#### [Work to complete]
Leave the pictures in the listing below aside and reproduce exactly the lines starting with the one with "FENDER JAPAN (フェンダージャパン)" and going on through the one with "Achat 1 Pieces 16 62400 Bethune hdf5999", both ends included.

#### [Extracted data]

* * * * * * * * *

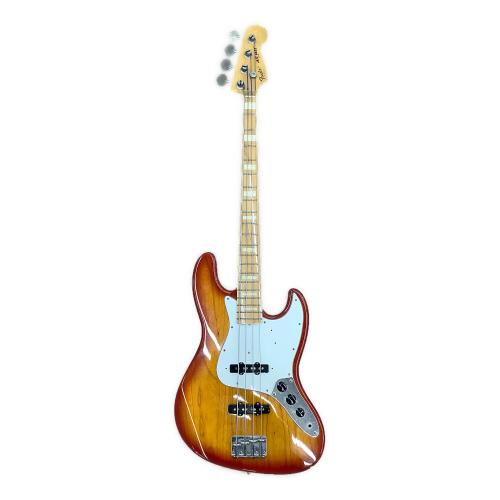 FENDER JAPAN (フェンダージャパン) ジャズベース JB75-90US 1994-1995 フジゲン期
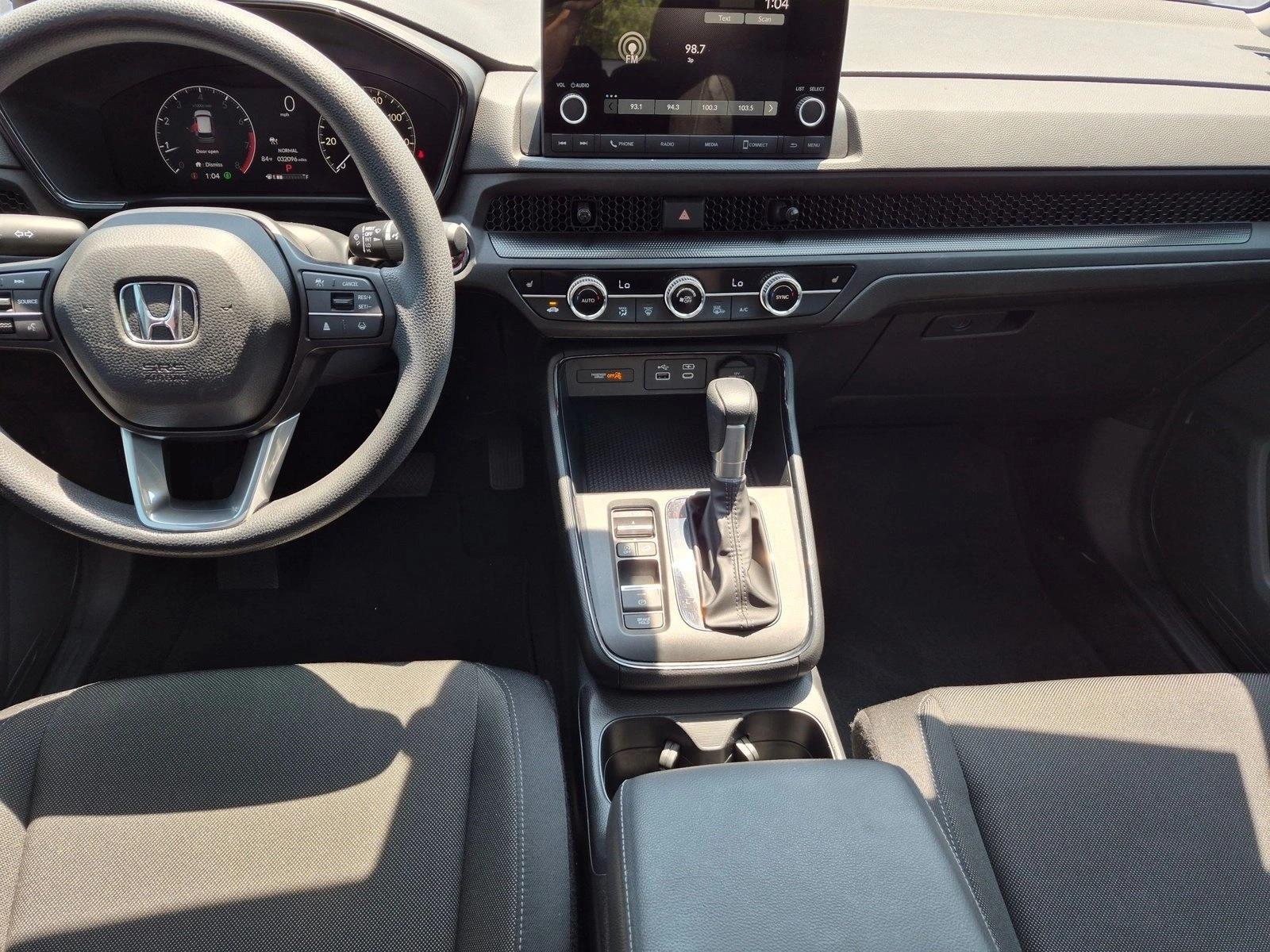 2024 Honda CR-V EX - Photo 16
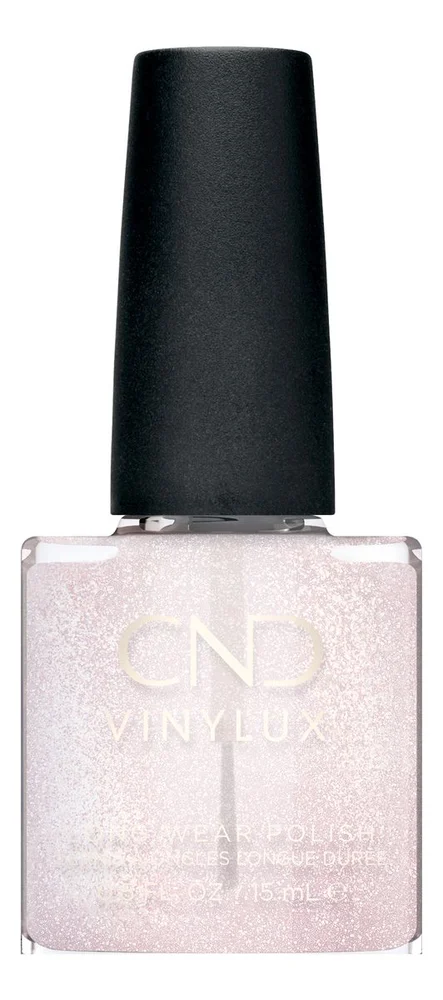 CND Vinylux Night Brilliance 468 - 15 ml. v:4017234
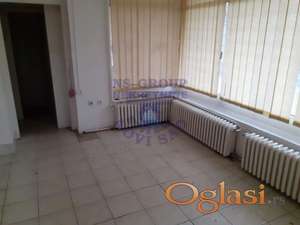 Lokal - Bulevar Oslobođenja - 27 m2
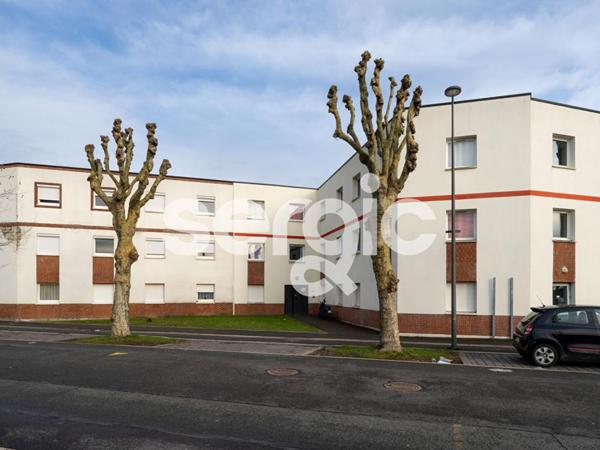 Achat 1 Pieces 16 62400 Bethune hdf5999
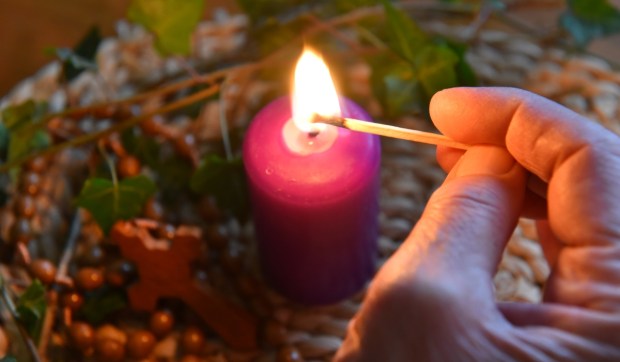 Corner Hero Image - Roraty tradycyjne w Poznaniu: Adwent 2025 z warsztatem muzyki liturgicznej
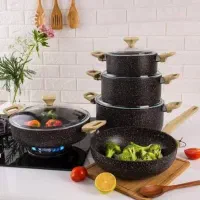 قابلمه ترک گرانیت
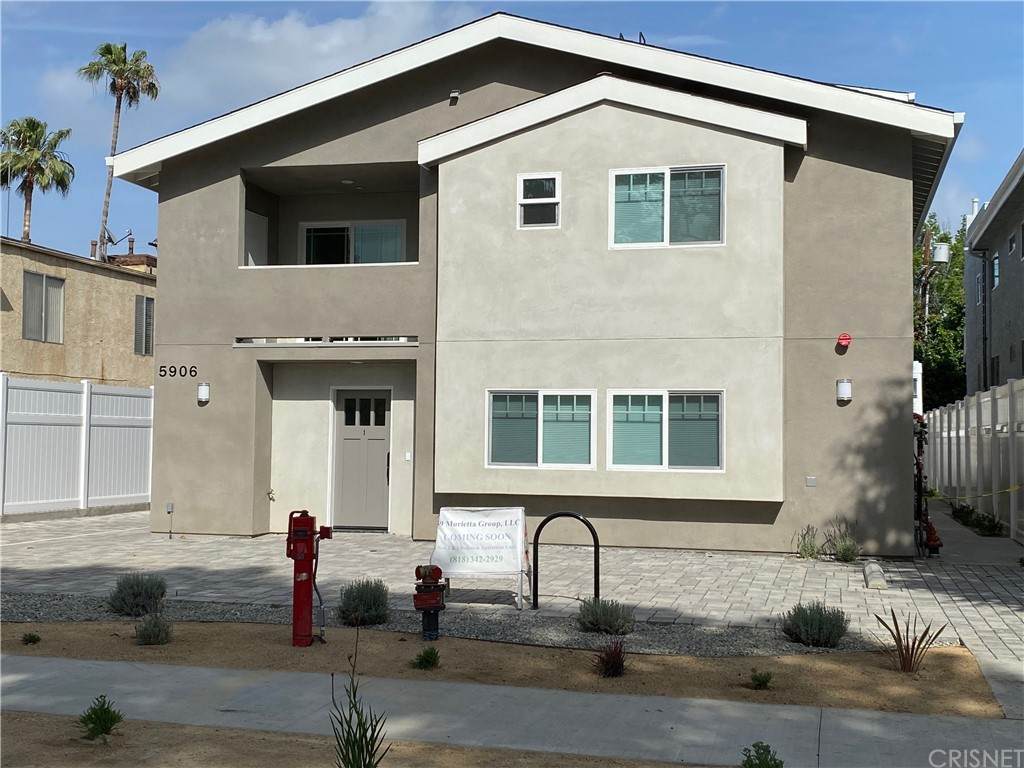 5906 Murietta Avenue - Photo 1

* * * * * * * * *

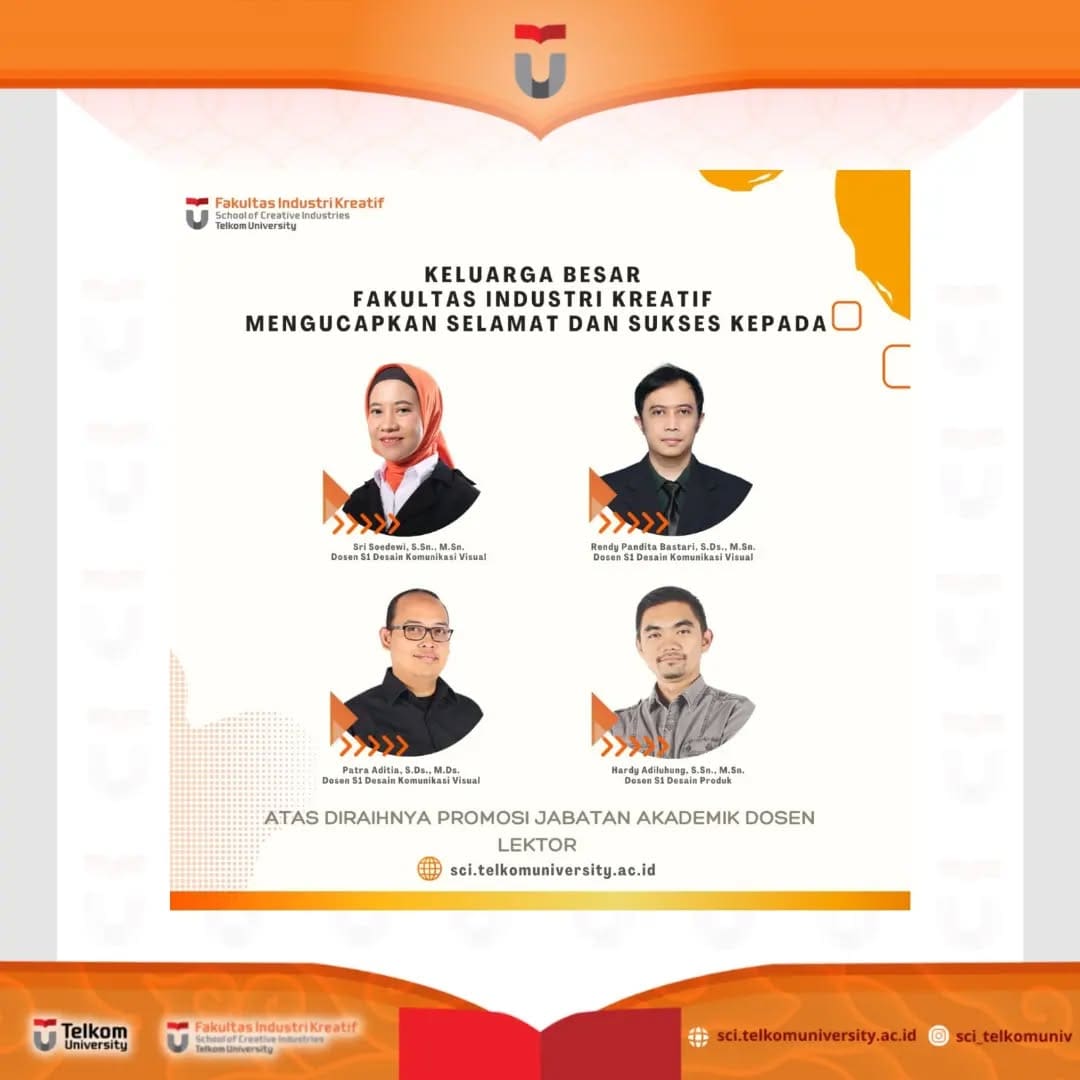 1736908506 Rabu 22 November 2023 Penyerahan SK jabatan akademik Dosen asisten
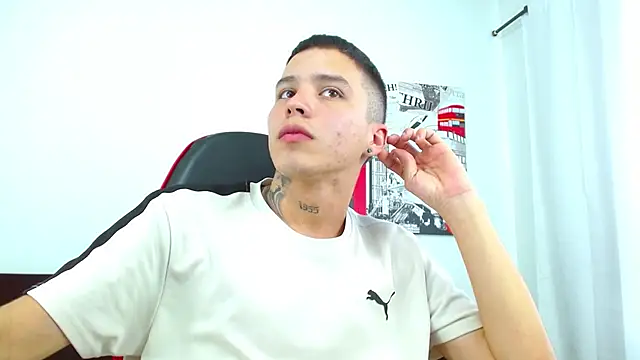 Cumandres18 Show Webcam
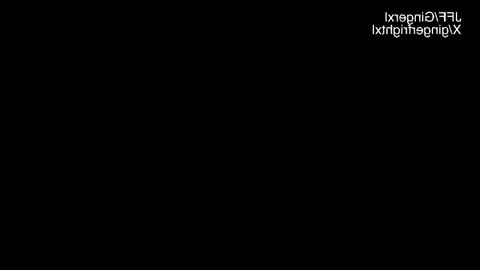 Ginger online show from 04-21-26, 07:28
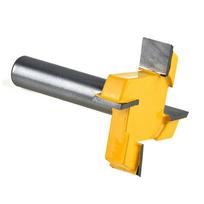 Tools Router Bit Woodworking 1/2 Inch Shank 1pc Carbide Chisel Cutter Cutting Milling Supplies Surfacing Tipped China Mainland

* * * * * * * * *

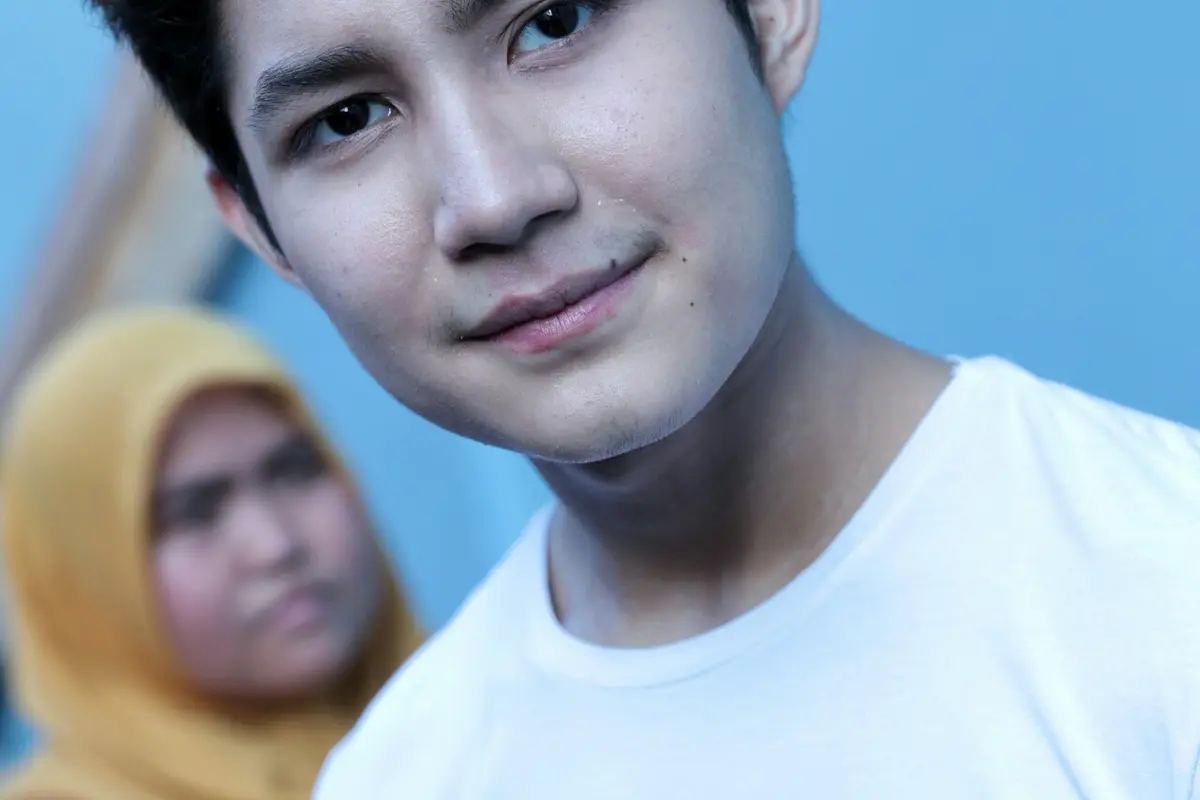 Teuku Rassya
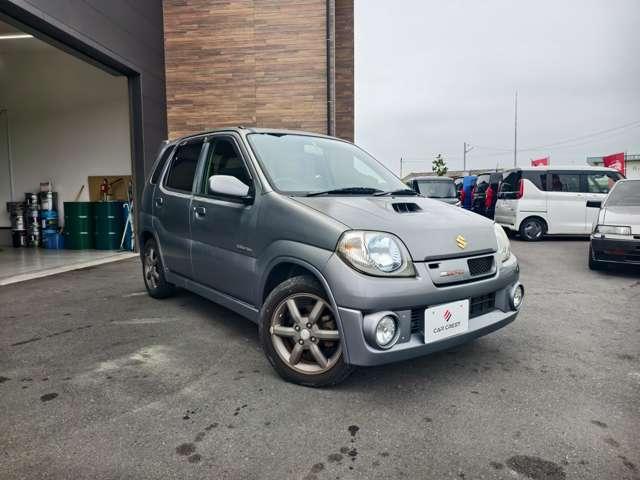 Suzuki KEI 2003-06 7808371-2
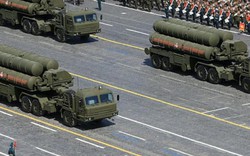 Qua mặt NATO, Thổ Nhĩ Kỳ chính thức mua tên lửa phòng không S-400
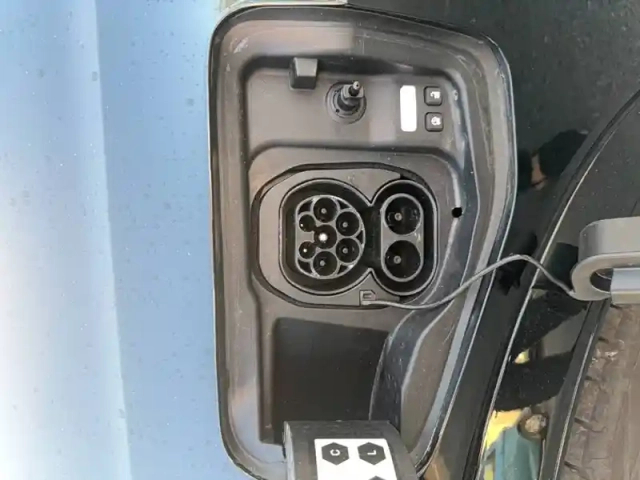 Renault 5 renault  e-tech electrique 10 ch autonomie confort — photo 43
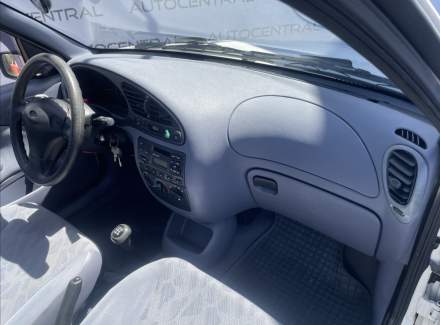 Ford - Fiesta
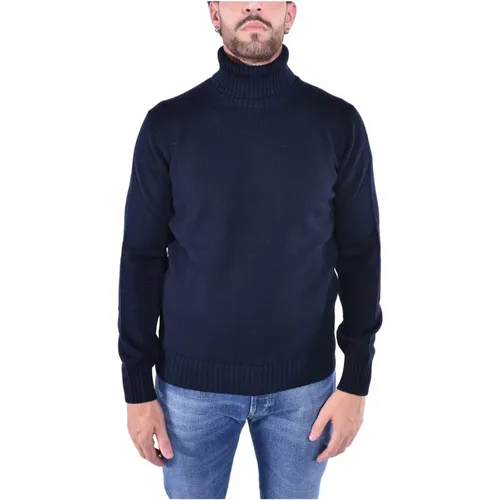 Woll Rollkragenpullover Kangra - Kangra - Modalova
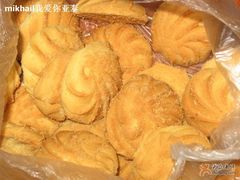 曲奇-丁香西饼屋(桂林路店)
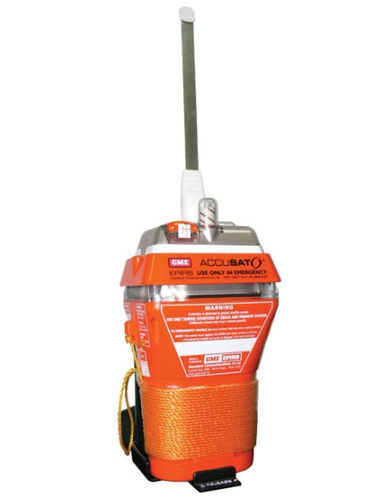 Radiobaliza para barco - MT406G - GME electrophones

* * * * * * * * *

#### [Solution for this exercise]
 FENDER JAPAN (フェンダージャパン) ジャズベース JB75-90US 1994-1995 フジゲン期
 2024 Honda CR-V EX - Photo 16
 CND Vinylux Night Brilliance 468 - 15 ml. v:4017234
 Lokal - Bulevar Oslobođenja - 27 m2
 Achat 1 Pieces 16 62400 Bethune hdf5999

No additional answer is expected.